Gently, calmly, so you don't even notice. It's subtle and, dare I say it, almost pleasing? Nothing at all like the crude violations perpetrated on you in Argentina. When you're being fucked over by a monopolic telephone company in Buenos Aires, you have a bird's eye view of your own rough penetration. In Japan it's more like being given a massage by a stranger on a crowded subway. And the subway is a great example. You load up cash on your magnetic card, and as you beep in and beep out, thousands of dollars fly out invisibly and unnoticeably like a gas leak in the house of a coma victim.

City of Water & Peace

Hiroshima is a relaxed paradise of interlaced rivers, trundling trams, friendly folk and stacks of adorable bars. The Peace Park, where the BOMB dropped, is one of those hyper-designed concrete and grass spaces that smooth out the kinks in your soul. It's studded with memorials and through its heart runs an axis from the centre of the wide museum building through a bizarre tubular memorial arch to the awesome A-Dome. A former municipal building whose frame and distinctive dome structure were somehow left standing by the nuclear explosion that occurred just above and to the left of it, it has been preserved in that condition as a reminder, and it is chilling to the bone.
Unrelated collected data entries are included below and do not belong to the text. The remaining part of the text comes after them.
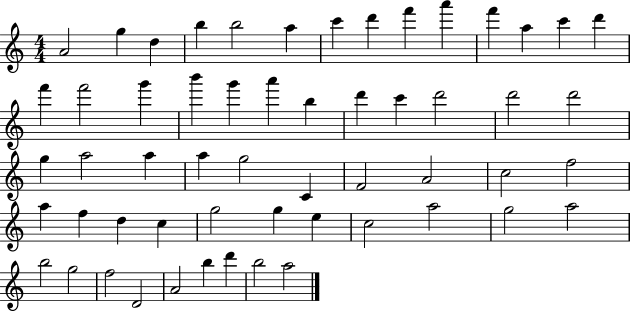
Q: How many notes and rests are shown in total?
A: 56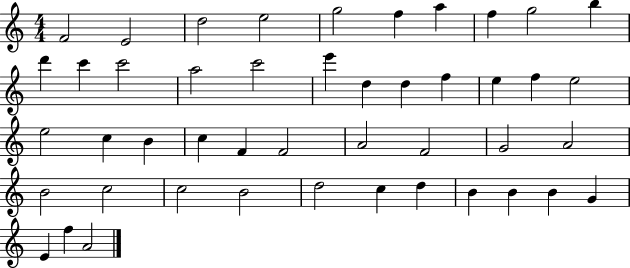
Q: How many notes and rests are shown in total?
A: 46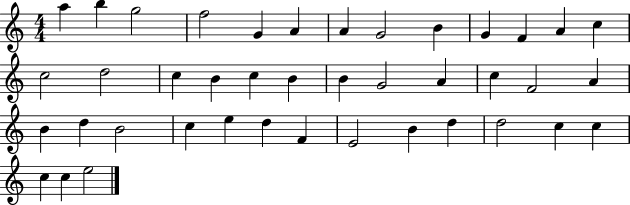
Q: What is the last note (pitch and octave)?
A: E5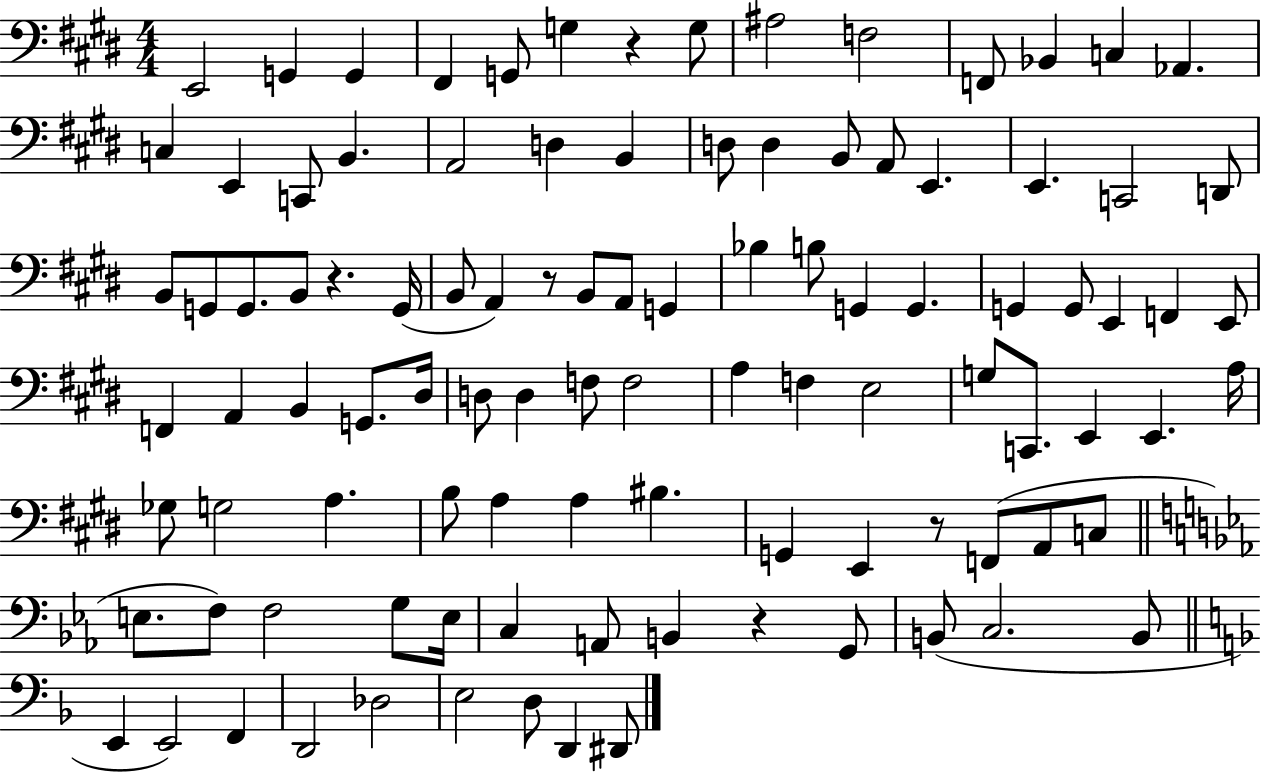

The Museum is a 1950s building and its current contents might have seemed state of the art back then. It makes woeful use of its uniquely powerful subject. It's still hugely affecting to see the debilitating destruction caused through scale models of the city, bottles welded together by the blast, examples of the nuclear shadow and horrific human evidence of the deadly radiation. But the exhibition has poor lighting, antique displays and a 1 minute introductory video whose bellowing soundtrack of voiceover backed by strings accompanies on loop your entire journey round the museum. Put it in a box, guys. Why not phone Spielberg and ask him if he fancies taking a break from designing Holocaust Museums?

Future Perfect

The funny thing about the Hiroshima Museum's exhibition is that it probably looked futuristic once. Which is the case with most of Tokyo. It is like the futuristic city as envisaged 30 years ago by some delirious weirdo in a basement. Except shabbier. It's like the alternate 1985 that Michael J. Fox travels to in Back to the Future II. You know, one where he doesn't have Parkinson's. It's the bricks and mortar equivalent of verb tense the Future Perfect. It will have happened. Or rather some kind of bastardised version: It will have been going to have been happening. R.I.P. Douglas Adams.

For Pity's SAKE

At the Sanjō Sake Festival among banks of crates bearing over 900 varieties of the ol' rice wine, I met RICKY. A gigantic African American 57-year-old with a suspiciously non-specific job in the US Government that has led him to work in various bizarre locations around the world, he regaled me hilariously as we chucked down shots from our tiny cups. Let's face it, most of them taste the same. Even a Japanese guy said that, so I'm not being racist. Finally we learned the word 'karai' (dry), which unlocked the door to the good stuff. Ricky and I met up again the next day to go to Miyajima Island, a beautiful pile of forest and rocks out in Hiroshima Bay. It's covered in deer, oyster vendors and fascinating machines that pump out Hiroshima's famed cakes, which are maple leaf-shaped. Yes, that's right. Hiroshima is from Canada.